* What this task involves
Copy every record below exactly.

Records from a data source
*** Block opens ***
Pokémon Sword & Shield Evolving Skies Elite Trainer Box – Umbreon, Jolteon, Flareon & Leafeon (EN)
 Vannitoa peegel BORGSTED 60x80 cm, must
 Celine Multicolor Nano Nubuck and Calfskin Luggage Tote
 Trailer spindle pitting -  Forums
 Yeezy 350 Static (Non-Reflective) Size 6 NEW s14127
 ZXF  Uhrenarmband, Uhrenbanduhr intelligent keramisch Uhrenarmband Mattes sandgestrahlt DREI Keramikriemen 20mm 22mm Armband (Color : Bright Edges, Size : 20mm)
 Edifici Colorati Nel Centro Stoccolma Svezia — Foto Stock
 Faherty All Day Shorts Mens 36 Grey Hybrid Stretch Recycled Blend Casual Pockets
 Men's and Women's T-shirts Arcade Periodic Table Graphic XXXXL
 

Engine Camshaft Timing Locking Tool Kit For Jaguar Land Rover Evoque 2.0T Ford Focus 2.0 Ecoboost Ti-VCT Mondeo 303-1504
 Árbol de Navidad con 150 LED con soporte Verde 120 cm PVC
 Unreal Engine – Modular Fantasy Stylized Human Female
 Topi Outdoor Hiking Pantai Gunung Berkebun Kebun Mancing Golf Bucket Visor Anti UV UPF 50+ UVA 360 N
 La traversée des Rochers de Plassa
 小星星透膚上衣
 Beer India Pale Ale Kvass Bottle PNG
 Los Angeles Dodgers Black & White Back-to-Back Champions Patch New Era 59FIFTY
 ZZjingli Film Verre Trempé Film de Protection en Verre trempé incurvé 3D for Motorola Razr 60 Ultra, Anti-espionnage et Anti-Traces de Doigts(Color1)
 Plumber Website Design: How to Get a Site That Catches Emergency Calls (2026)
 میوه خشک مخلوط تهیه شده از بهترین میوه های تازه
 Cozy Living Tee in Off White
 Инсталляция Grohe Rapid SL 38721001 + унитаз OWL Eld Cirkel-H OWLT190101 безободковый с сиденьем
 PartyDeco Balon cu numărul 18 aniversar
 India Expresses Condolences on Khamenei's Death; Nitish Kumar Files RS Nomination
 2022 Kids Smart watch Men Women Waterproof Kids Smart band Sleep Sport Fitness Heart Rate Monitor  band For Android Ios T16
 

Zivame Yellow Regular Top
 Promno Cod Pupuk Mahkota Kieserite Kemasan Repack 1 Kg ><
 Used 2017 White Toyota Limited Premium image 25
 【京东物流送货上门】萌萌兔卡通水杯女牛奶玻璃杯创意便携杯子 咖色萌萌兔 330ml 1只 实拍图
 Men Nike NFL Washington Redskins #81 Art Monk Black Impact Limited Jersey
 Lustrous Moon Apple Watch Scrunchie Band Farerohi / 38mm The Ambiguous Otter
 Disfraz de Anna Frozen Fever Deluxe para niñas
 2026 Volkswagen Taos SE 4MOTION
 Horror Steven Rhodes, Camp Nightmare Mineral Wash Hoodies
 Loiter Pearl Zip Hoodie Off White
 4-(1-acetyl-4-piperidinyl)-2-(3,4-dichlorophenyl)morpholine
*** Block closes ***
* Exercise result
Pokémon Sword & Shield Evolving Skies Elite Trainer Box – Umbreon, Jolteon, Flareon & Leafeon (EN)
 Vannitoa peegel BORGSTED 60x80 cm, must
 Celine Multicolor Nano Nubuck and Calfskin Luggage Tote
 Trailer spindle pitting -  Forums
 Yeezy 350 Static (Non-Reflective) Size 6 NEW s14127
 ZXF  Uhrenarmband, Uhrenbanduhr intelligent keramisch Uhrenarmband Mattes sandgestrahlt DREI Keramikriemen 20mm 22mm Armband (Color : Bright Edges, Size : 20mm)
 Edifici Colorati Nel Centro Stoccolma Svezia — Foto Stock
 Faherty All Day Shorts Mens 36 Grey Hybrid Stretch Recycled Blend Casual Pockets
 Men's and Women's T-shirts Arcade Periodic Table Graphic XXXXL
 

Engine Camshaft Timing Locking Tool Kit For Jaguar Land Rover Evoque 2.0T Ford Focus 2.0 Ecoboost Ti-VCT Mondeo 303-1504
 Árbol de Navidad con 150 LED con soporte Verde 120 cm PVC
 Unreal Engine – Modular Fantasy Stylized Human Female
 Topi Outdoor Hiking Pantai Gunung Berkebun Kebun Mancing Golf Bucket Visor Anti UV UPF 50+ UVA 360 N
 La traversée des Rochers de Plassa
 小星星透膚上衣
 Beer India Pale Ale Kvass Bottle PNG
 Los Angeles Dodgers Black & White Back-to-Back Champions Patch New Era 59FIFTY
 ZZjingli Film Verre Trempé Film de Protection en Verre trempé incurvé 3D for Motorola Razr 60 Ultra, Anti-espionnage et Anti-Traces de Doigts(Color1)
 Plumber Website Design: How to Get a Site That Catches Emergency Calls (2026)
 میوه خشک مخلوط تهیه شده از بهترین میوه های تازه
 Cozy Living Tee in Off White
 Инсталляция Grohe Rapid SL 38721001 + унитаз OWL Eld Cirkel-H OWLT190101 безободковый с сиденьем
 PartyDeco Balon cu numărul 18 aniversar
 India Expresses Condolences on Khamenei's Death; Nitish Kumar Files RS Nomination
 2022 Kids Smart watch Men Women Waterproof Kids Smart band Sleep Sport Fitness Heart Rate Monitor  band For Android Ios T16
 

Zivame Yellow Regular Top
 Promno Cod Pupuk Mahkota Kieserite Kemasan Repack 1 Kg ><
 Used 2017 White Toyota Limited Premium image 25
 【京东物流送货上门】萌萌兔卡通水杯女牛奶玻璃杯创意便携杯子 咖色萌萌兔 330ml 1只 实拍图
 Men Nike NFL Washington Redskins #81 Art Monk Black Impact Limited Jersey
 Lustrous Moon Apple Watch Scrunchie Band Farerohi / 38mm The Ambiguous Otter
 Disfraz de Anna Frozen Fever Deluxe para niñas
 2026 Volkswagen Taos SE 4MOTION
 Horror Steven Rhodes, Camp Nightmare Mineral Wash Hoodies
 Loiter Pearl Zip Hoodie Off White
 4-(1-acetyl-4-piperidinyl)-2-(3,4-dichlorophenyl)morpholine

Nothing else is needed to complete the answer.